WHAT YOU NEED TO DO: Only the lines from the one containing "洗牙特别伤牙,还会让牙齿变松?" through the end of the entries are wanted, retyped exactly and without pictures.

DATA SUPPLIED:
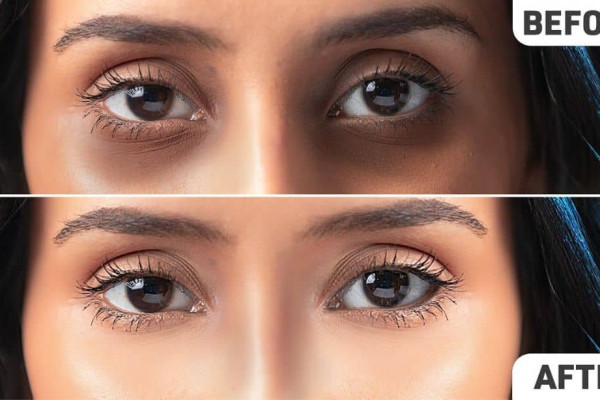 How to Remove Dark Circles Fast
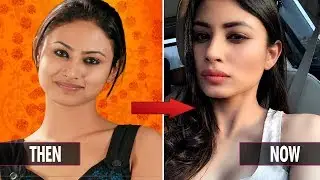10 Popular Tv Actresses Plastic Surgery Then - Now 2017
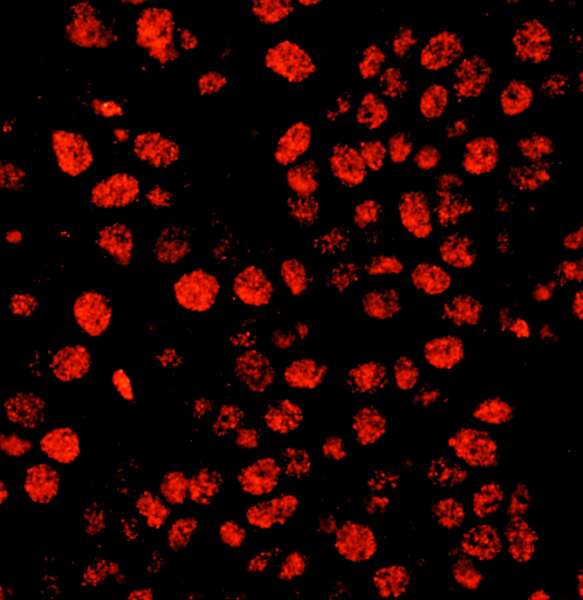 Polyclonal Rabbit anti-Human TIMELESS Antibody (aa1170-C-term, IHC, WB)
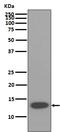 Beta-2-Microglobulin antibody, M00456-1, Boster Biological Technology, Western Blot image 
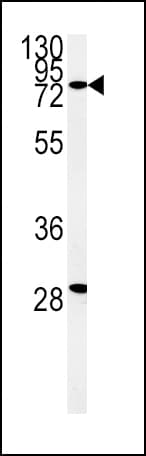 ZFYVE16 Antibody (aa375-404)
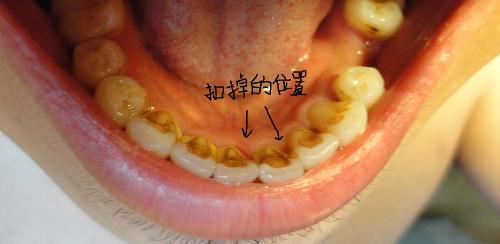 洗牙特别伤牙,还会让牙齿变松?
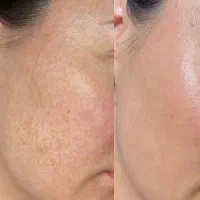 مدل برای تکمیل آلبوم لاین تخصصی پوست|خدمات زیبایی و سلامت|کرج, مهرویلا جنوبی|دیوار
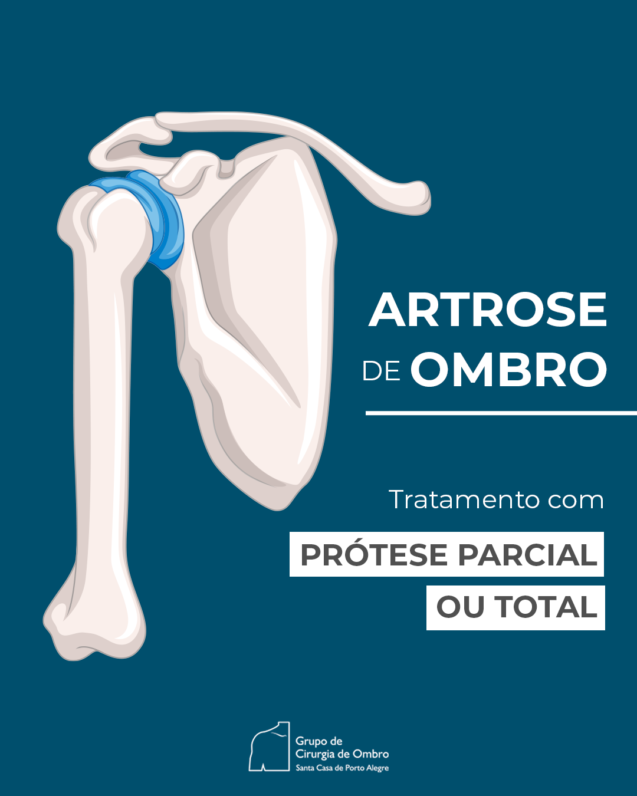 Artrose de Ombro: Tratamento com prótese parcial ou total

OUTPUT FOR THIS TASK:
 洗牙特别伤牙,还会让牙齿变松?
 مدل برای تکمیل آلبوم لاین تخصصی پوست|خدمات زیبایی و سلامت|کرج, مهرویلا جنوبی|دیوار
 Artrose de Ombro: Tratamento com prótese parcial ou total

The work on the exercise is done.